▶ **DATA FOR REVIEW**:
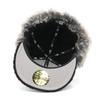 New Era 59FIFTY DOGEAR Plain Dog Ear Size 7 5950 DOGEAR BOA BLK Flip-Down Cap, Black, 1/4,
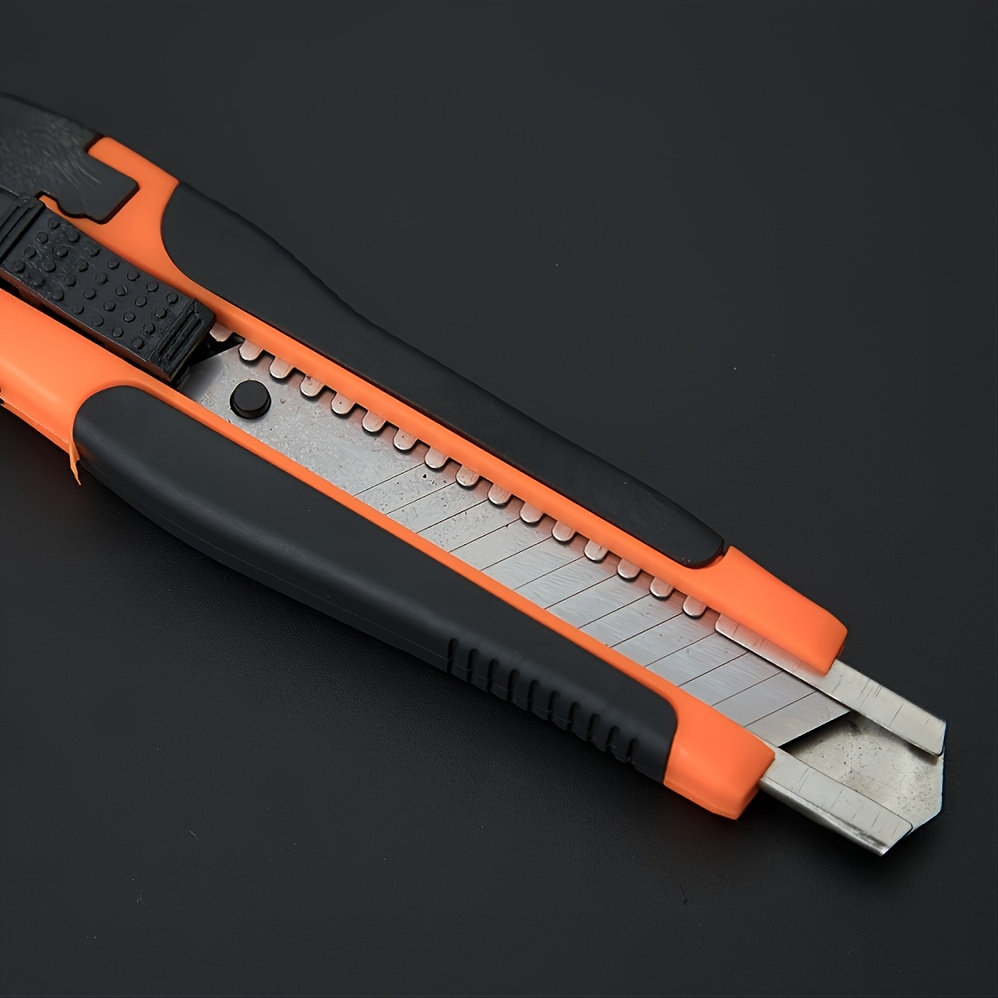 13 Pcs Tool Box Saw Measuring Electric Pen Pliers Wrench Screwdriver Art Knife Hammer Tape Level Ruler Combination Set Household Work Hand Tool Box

...

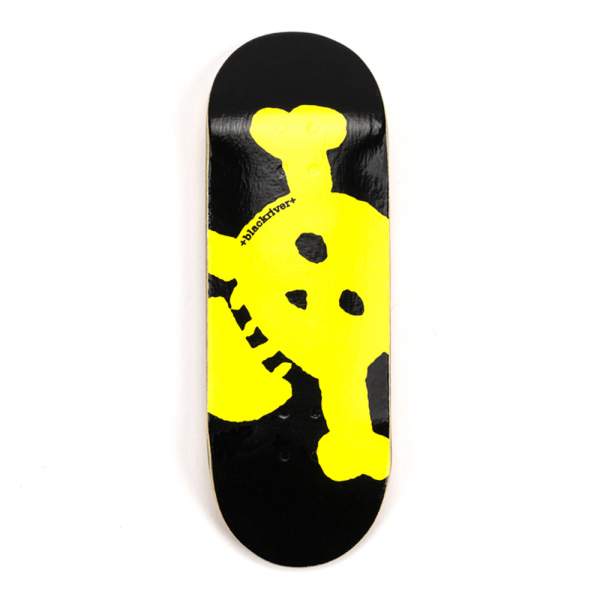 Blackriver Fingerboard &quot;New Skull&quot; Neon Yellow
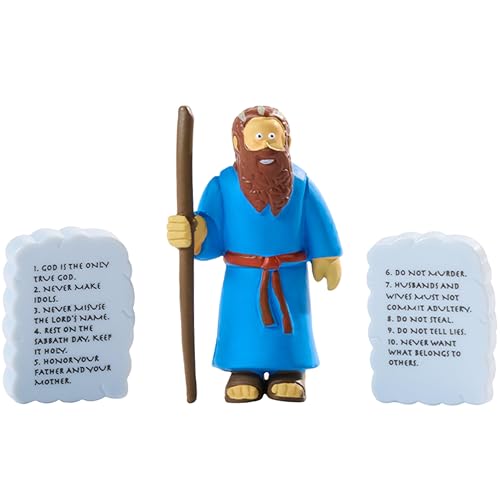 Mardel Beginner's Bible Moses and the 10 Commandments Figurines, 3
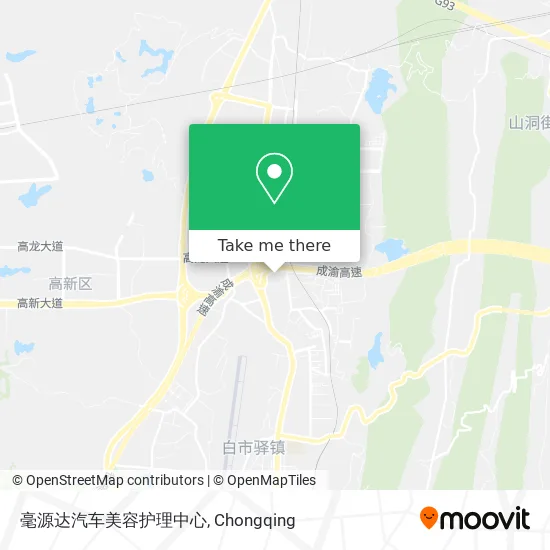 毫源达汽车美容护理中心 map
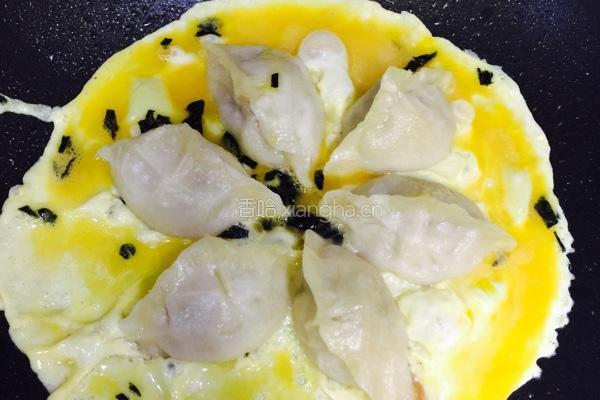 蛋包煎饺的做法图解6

* * *

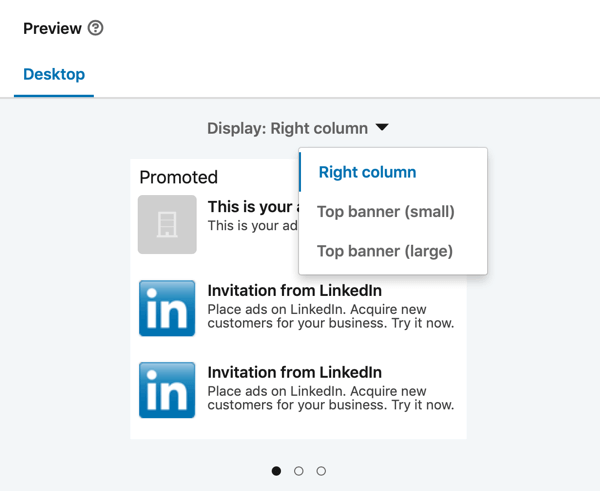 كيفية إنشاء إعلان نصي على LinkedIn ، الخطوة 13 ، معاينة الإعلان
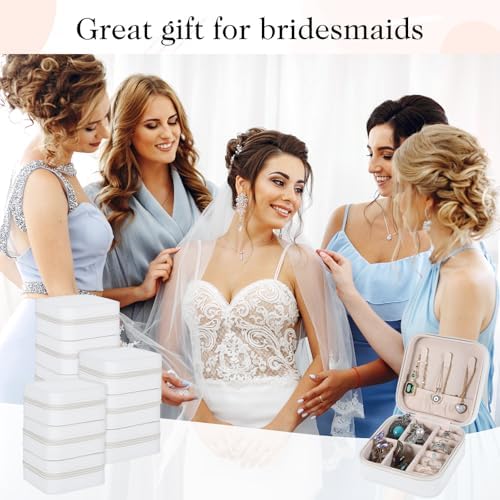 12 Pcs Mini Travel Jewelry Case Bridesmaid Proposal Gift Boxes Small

▶ **WORK ORDER**:
What you need to produce is an exact copy of the entries above, limited to the lines from the one with "New Era 59FIFTY" up to and including the one with "13 Pcs Tool", without pictures.

▶ **TASK OUTPUT**:
 New Era 59FIFTY DOGEAR Plain Dog Ear Size 7 5950 DOGEAR BOA BLK Flip-Down Cap, Black, 1/4,
 13 Pcs Tool Box Saw Measuring Electric Pen Pliers Wrench Screwdriver Art Knife Hammer Tape Level Ruler Combination Set Household Work Hand Tool Box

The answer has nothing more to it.